Coding Chickens

In a short break from our usual programme (while I finish writing up the details of my fast), I feel the need to explore some of the horrors developers face; if only to make myself feel a bit better.

Sometimes being a developer is rewarding, sometimes you get the strong feeling that you should be able to do more to help. Sometimes you get the feeling that you just can’t get people to understand that you are trying to help. You’re not giving long time estimates out of a desire to be difficult, you’re not trying to make something “sound more difficult than it really is”. You’re just trying to help.

Nowhere do I bump into this more than when managers congregate to work on ‘systems’.

A system is a nebulous thing, or at least it is before someone like me gets involved – I’m a systems developer, so I think in terms  outcomes and inputs, and minimisation of interaction. My job (which I am ok at, or so I’d prefer to think) is to take the fluff of a user requirement and turn it into a practical improvement. This unfortunately means that I bump into a lot of people who also believe that they can create systems.

I have the opportunity to watch this process of creation from a short range, and in one of the businesses I’ve dealt with for a very long time the effect is similar to watching a small clutch of argumentative chickens trying to work out a mirror. This mental image is far more amusing in the mind than it is in the flesh – as someone who really wants to improve an overall work environment, phrases like “Oh, I think we should have another form filled in and scanned before we let users do that” make my blood boil. At the end, there’s a lot of noise, some feathers in the air and nothing remotely looking like a system in place.

There are people in these meetings who squawk because all the other chickens are making noise, there are people who add redundant checks and measures and steps because they realise their own make-work may be reduced, and there are people who really shouldn’t be allowed to add their tortuous mental loops into the process.

You know you’re in the presence of the latter when the subject of outcomes comes up on the agenda. These people want to track and report on everything it seems. Mistaking visibility for control, they want to see “every stationary order under £15 for the year 2001” (a genuine phrase heard in a chicken-fest).

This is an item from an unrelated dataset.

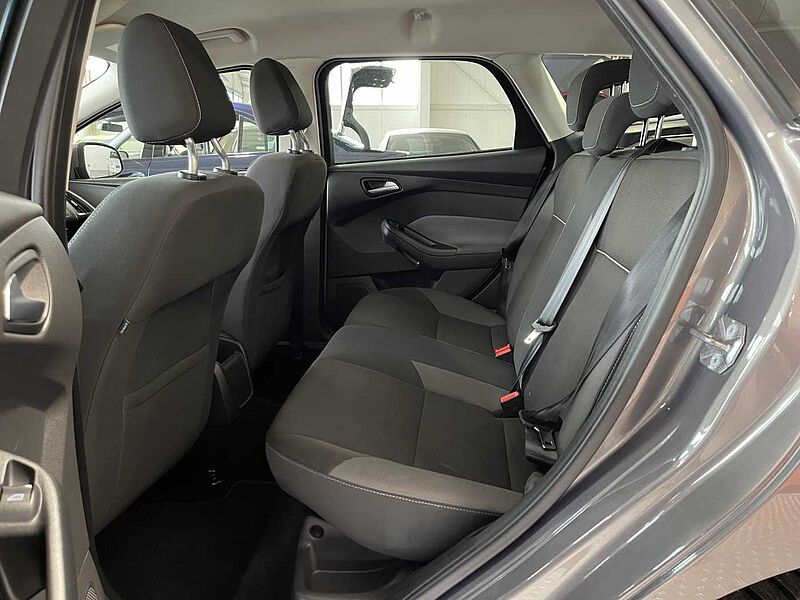Ford Focus Turnier 1.6 *Motor Schaden* *Scheckheft*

What then unfolds is a system where a huge amount of ROD – my own coining for wRite Only Data – is captured. Every user, at every point in the process is suddenly burdened with entering data they may barely understand (or indeed know) into the system – resulting in a massively bloated interface that nobody wants to use. Quite simply, the clichéd ROD for your back.

Don’t get me wrong, I have some good clients relationships; many lasting over years where such happenings don’t take place, where the chickens are carefully cooped before a requirement meeting even takes place. One has even got themselves to the point where they are able to judge how long it’s going to take me to deliver their requirement – and how I love them and cherish them as a client, and how much more willing to stretch things we are when things go to the edge of the specification.

A waterfall is an elegant system for getting water downhill.

These people capture only the data they need, only generate the documents they need and only capture the data they need – and they can take advice about how best to organise these into an overall business solution. People who are of genuine value to their business are never worried about “systems” taking over their part in the organisation, they instead relish the chance to get away from the make-work and get on with their job – making the business better, and not carefully crossing off items on a printed report with a biro and a rule. This latter of course would be a firing offence in my own business!